Offender Supervision

Transforming Rehabilitation – For the better?

Earlier this month HMI Probation produced a report in to the delivery of unpaid work. The report found that the overall quality of unpaid work varied significantly between the six Community Rehabilitation Companies (CRC) examined during June and July 2015, with a lack of dominant model for best practise in the delivery of community service provision. What the HMI Probation report fails to adequately acknowledge are the recent changes to the organisation of the National Probation Service, and the impact that this will have inevitably had on the management of such community sentences. With the focus of the report on the problems with the new management, opportunities for improving the day to day rehabilitative experience of community service are missed. By assessing whether targets are met, rather than the experience of community service, the HMI Probation have missed an opportunity to improve the quality of offender supervision. It is short sighted to focus upon management meeting targets as a measure of predicted reoffending or desistance rates, as this ignores the ways in which offender managers can address social, economic or cultural factors in a meaningful way in order to reduce crime.

Does Community Service really matter?
Community service is the most frequently imposed community punishment, with 70,171 orders made in 2014. This figure comprises of more than half of all community sentences ordered in 2014. This compares to 91,313 disposals to prison for the same period. Considering such high levels of community service disposals, second only to prison sentences, it is important that community service provision is well managed, available and effective as a form of rehabilitation. In light of the recent changes to the Probation service, prompted by the Ministry of Justice paper ‘Transforming Rehabilitation: a strategy for reform’ published in 2013, community service is now considered for low to medium risk offenders and is managed exclusively by privately owned and run Community Rehabilitation Companies. Prior to the changes to probation there was fierce opposition to the part privatisation of the service, with worries about service quality and public protection.

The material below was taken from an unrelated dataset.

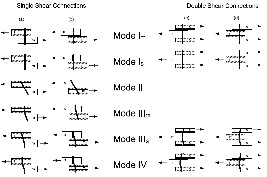 Figure 2. Yield Modes for members of solid and hollow cross section. 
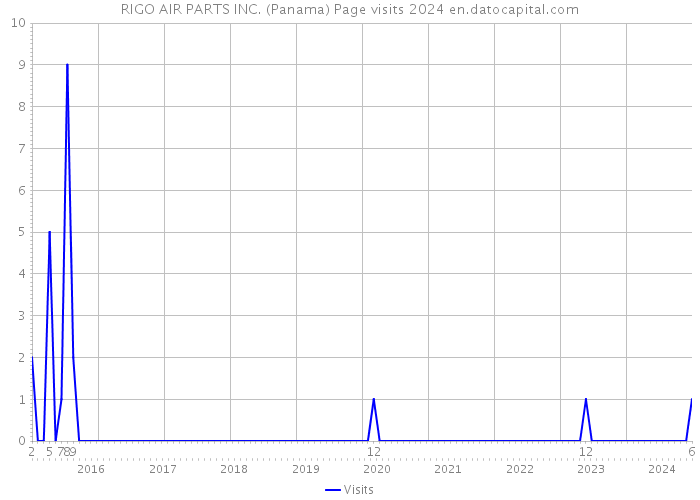 RIGO AIR PARTS INC. (Panama) Page visits 2024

Rehabilitation and Public Protection concerns
Anxieties over public protection and increases in re-offending have so far yet to be allayed or offered a foundation of truth; mainly due to the little time that the CRC’s have been in charge of low to medium risk offenders and community service. However, the criticisms highlighted during this initial inspection are sure to provide a blow to the ‘pay by results’ ideology favoured by the current government. By focusing upon the management and timescales of community service provision, the report missed the point of community service as a rehabilitative tool. As have the offender managers themselves it appears. The offenders interviewed by the inspectorate talked positively about how community service could assist them to live better lives, yet the offender managers themselves were found to have missed the opportunity of using community service to promote desistance.

What next?
The HMI Probation report works to highlight some of the early issues with the management of CRC’s with regards to community service. However, the report also highlights the lack of knowledge of how the everyday experience of offender’s supervision with community service impacts the individual’s life and desistance journey. This report demonstrates that this lack of understanding has not only an academic impact, but a ‘real life’ impact for the way in which offender supervision is ‘done’ and the way in which community punishment is experienced. This knowledge gap is beginning to be acknowledged by academics and social researchers, including myself, who are now refocusing upon the experience of the probation client rather than the probation officer or wider institutional management. The challenging facing researchers now is the development of robust qualitative methodology, that gives the probation client a strong voice.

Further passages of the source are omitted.